Marco Langon (born 31 August 2004) is an American middle long-distance, and cross country runner. Competing as part of the junior team, he won a bronze medal at the 2023 World Athletics Cross Country Championships.

==Early life==
From New Jersey, he attended Bridgewater-Raritan. In October 2021, he ran a cross country course record at the Skyland Conference Championships at Phillipsburg. He was mentored as a youngster by athletics coach Rob DeFillipis.

==Career==
Langon was selected for the American U20 Cross Country team to compete in the 2023 World Athletics Cross Country Championships U20 men's race in Bathurst, New South Wales, on February 18, 2023. Langon finished 19th in the championship, the second-fastest American after Leo Young, helping the US team to a bronze medal finish with a total of 81 points.

Competing for Villanova University, on 27 March 2025, Langon set a new personal best with 3:33.38 for the 1500 metres at the Raleigh Relays, which moved him to second on the all-time list in the NCAA. The following month, he signed a name, image and likeness (NIL) contract with Diadora. He placed third behind Brian Musau and Habtom Samuel on the closing straight of the 5000 metres at the 2025 NCAA Division I Outdoor Track and Field Championships in Eugene, Oregon, in June 2025, in 13:21.17 with less than a second between all three at the finish. In July, he ran a personal best in the mile run of 3:54.59 whilst racing in Cork, Ireland.

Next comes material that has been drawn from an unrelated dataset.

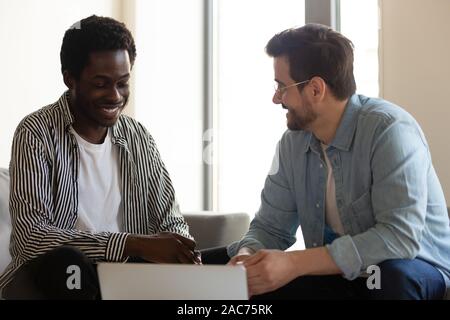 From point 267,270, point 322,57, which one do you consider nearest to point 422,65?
point 322,57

Langon ran a 5000 metres personal best of 13:05.21 on 6 December 2025 in Boston, Massachusetts, finishing alongside Habtom Samuel, who was credited with the win by thousandths of a second. At the New Balance Indoor Grand Prix on 24 January 2026 in Boston, Langon ran an indoors 3000 metres personal best of 7:34.56 to move to fourth on the all-time collegiate performer list. He lowered that mark to 7:34.00 on 13 February in Boston at the BU Valentine Classic. He placed second in 13:36.98 in the 5000m behind Habtom Samuel on 13 March at the 2026 NCAA Indoor Championships, having run the fastest last lap in the field moving from fourth into second. The following day, he was credited with a third place finish in the 3000m final after a controversial race that saw Samuel, first across the line, disqualified post-race. In April 2026, he anchored Villanova to a win in the 4 x 1600 metres relay at the Penn Relays, running a split of 3:55.94. In May at the Franson Last Chance Meet, Langon moved to second on the NCAA all-time list behind Oregon's Simeon Birnbaum for the 1500 metres, winning in 3:32.79 after running 55.60 for the final lap. That month, he won the Big East 1500 metres final by almost four seconds in 3:39.68. Competing at the NCAA East Regional in Lexington, Kentucky on 29 May, he ran 13:27.93 to win the 5000 metres ahead of Rocky Hansen. On 12 June at the 2026 NCAA Outdoor Championships, he took the lead just prior to the final lap before placing fourth overall in the 5000 metres in Eugene. Shortly afterwards, he announced he would forego his remaining college eligibility to race professionally with Diadora. Langon won the Fifth Avenue Mile in New York in 3:45, a second ahead of British runner Jake Heyward, on 13 September.